_EXERCISE GOAL_
The lines to transcribe run from the top of the material below to the line with "低反発・正方形クッション2個の画像", inclusive. Leave the pictures behind.

_EXCERPTED RECORDS_

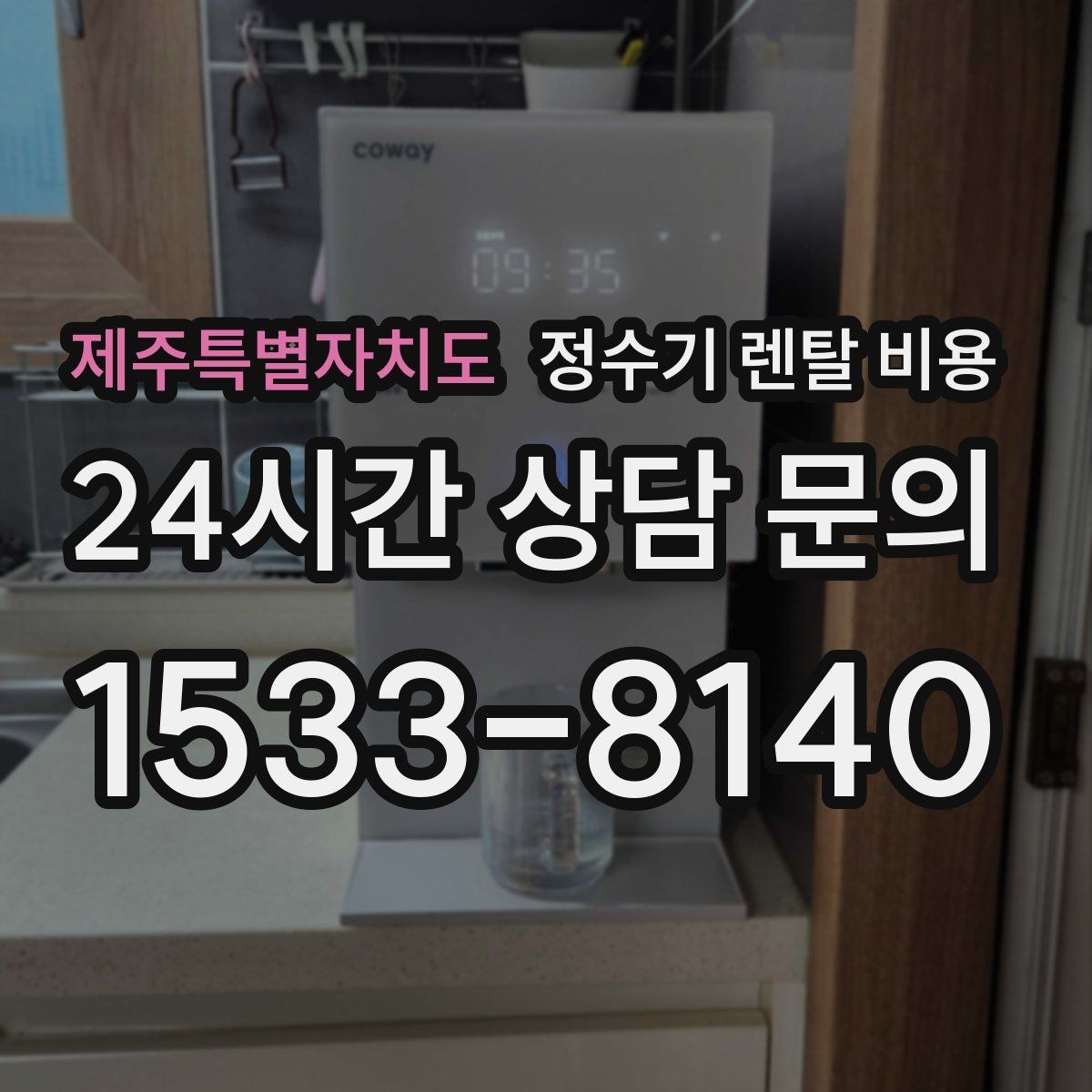 제주특별자치도 정수기 렌탈 비용 셀프 설치가 어려운 이유는 무엇일까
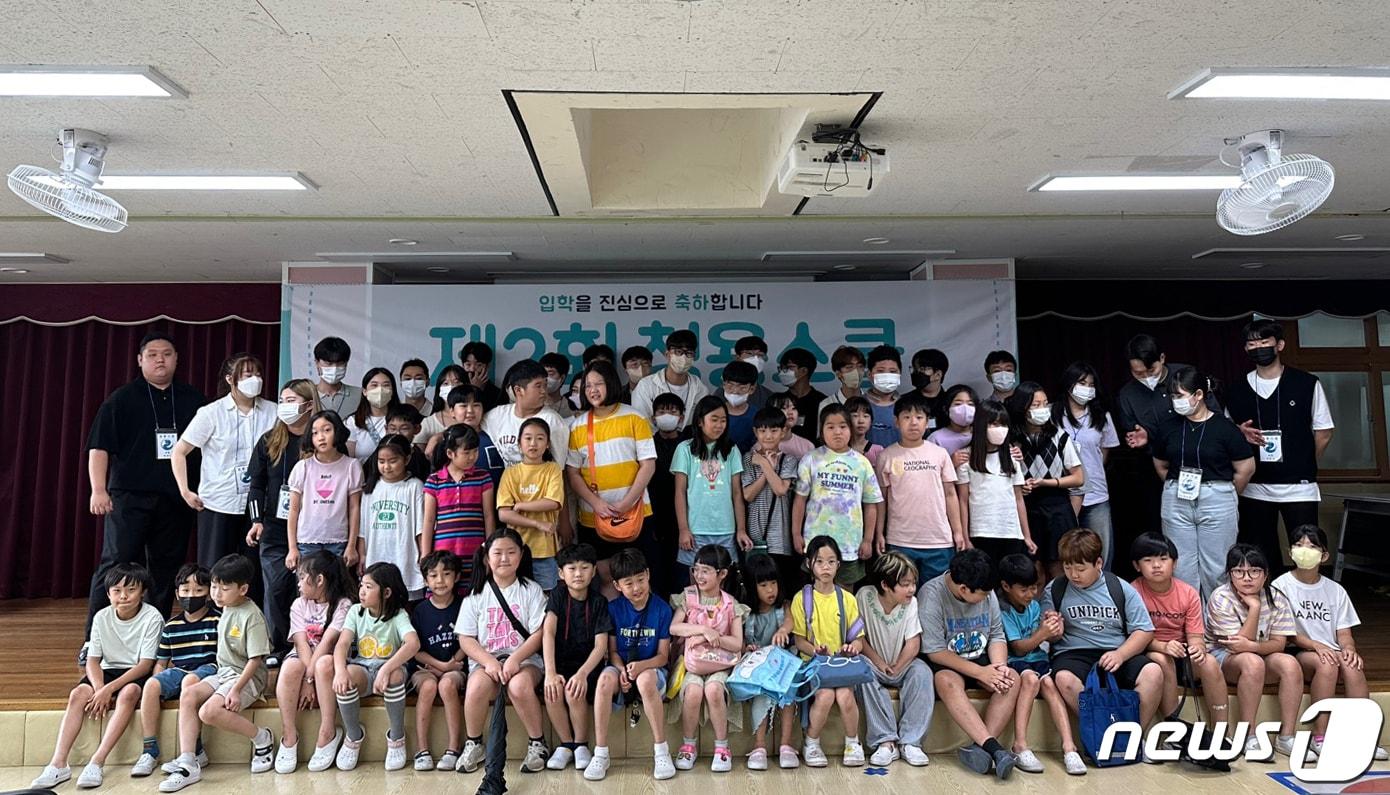 본문 이미지 - 청주대학교 사범대학 학생들이 2023학년도 하계방학을 맞아 교육봉사 프로그램 2회 청용스쿨을 진행하고 있다. 사진은 24일 청주 용담초등학교에서 열린 청용스쿨 입학식.(청주대 제공)/ 뉴스1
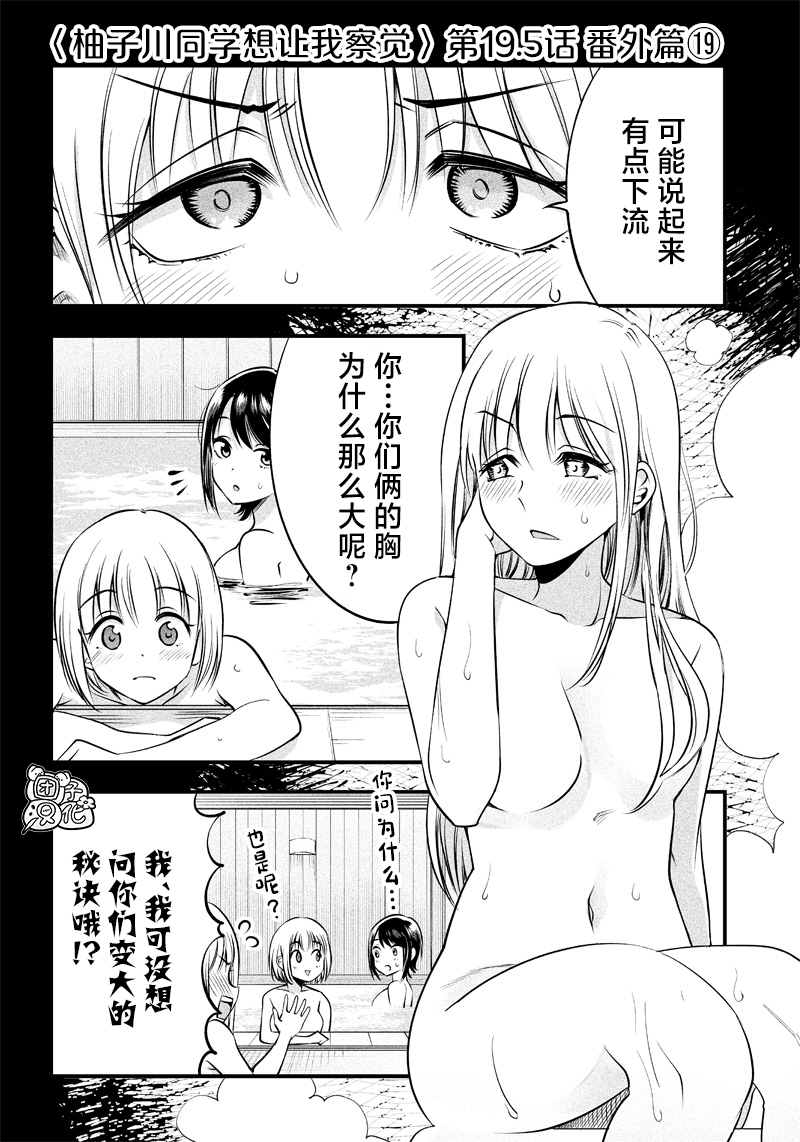 《柚子川同学想让我察觉》漫画最新章节第19.5话免费下拉式在线观看章节第【1】张图片
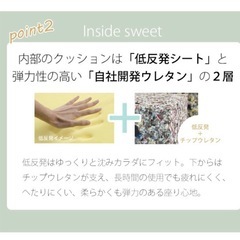 低反発・正方形クッション2個の画像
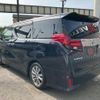 toyota alphard 2017 quick_quick_AGH30W_AGH30-0163853 image 15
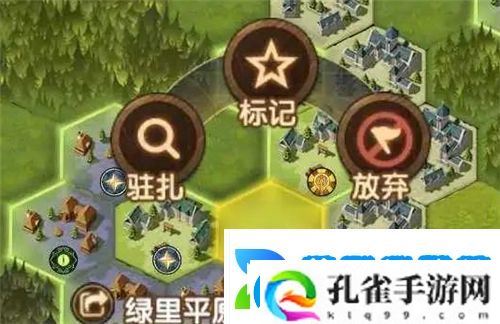 剑与远征团本怎么驻扎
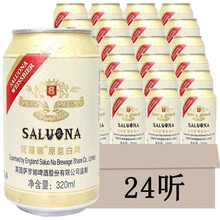 萨罗娜（saluona）原浆白啤 整箱320mlx24听 11°P 4.3%vol酒精度 萨罗娜整箱(320ML*24听)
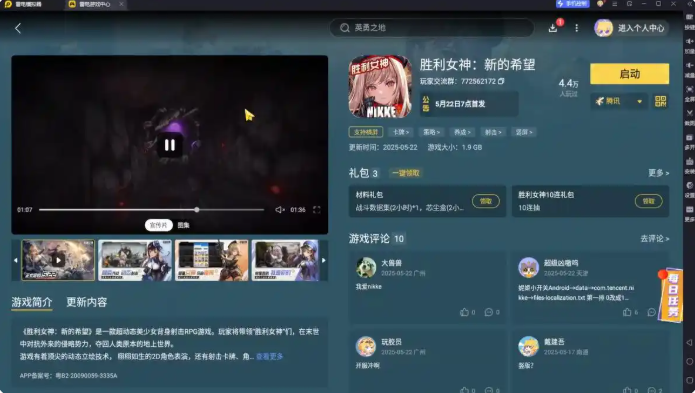 胜利女神新的希望小开关怎么弄  小开关教程一览图片1
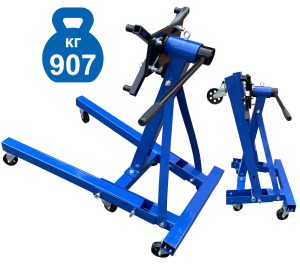 TS-1805 Кантователь двигателя 907 кг
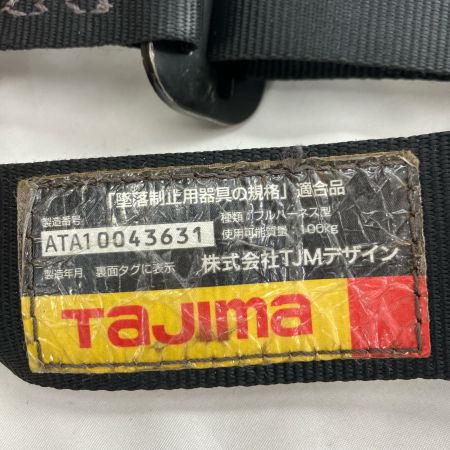 TAJIMA タジマ 工具関連用品 フルハーネス型安全帯 ランヤード付 28E-21G1-10 ブラック Mサイズ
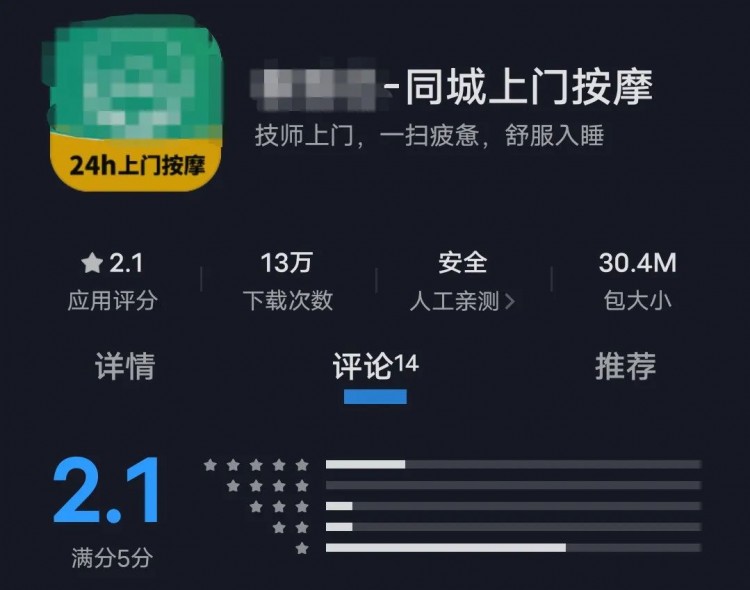 上門按摩軟件引質疑負責人宣稱正規！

_SOLUTION FOR THIS TASK_
 제주특별자치도 정수기 렌탈 비용 셀프 설치가 어려운 이유는 무엇일까
 본문 이미지 - 청주대학교 사범대학 학생들이 2023학년도 하계방학을 맞아 교육봉사 프로그램 2회 청용스쿨을 진행하고 있다. 사진은 24일 청주 용담초등학교에서 열린 청용스쿨 입학식.(청주대 제공)/ 뉴스1
 《柚子川同学想让我察觉》漫画最新章节第19.5话免费下拉式在线观看章节第【1】张图片
 低反発・正方形クッション2個の画像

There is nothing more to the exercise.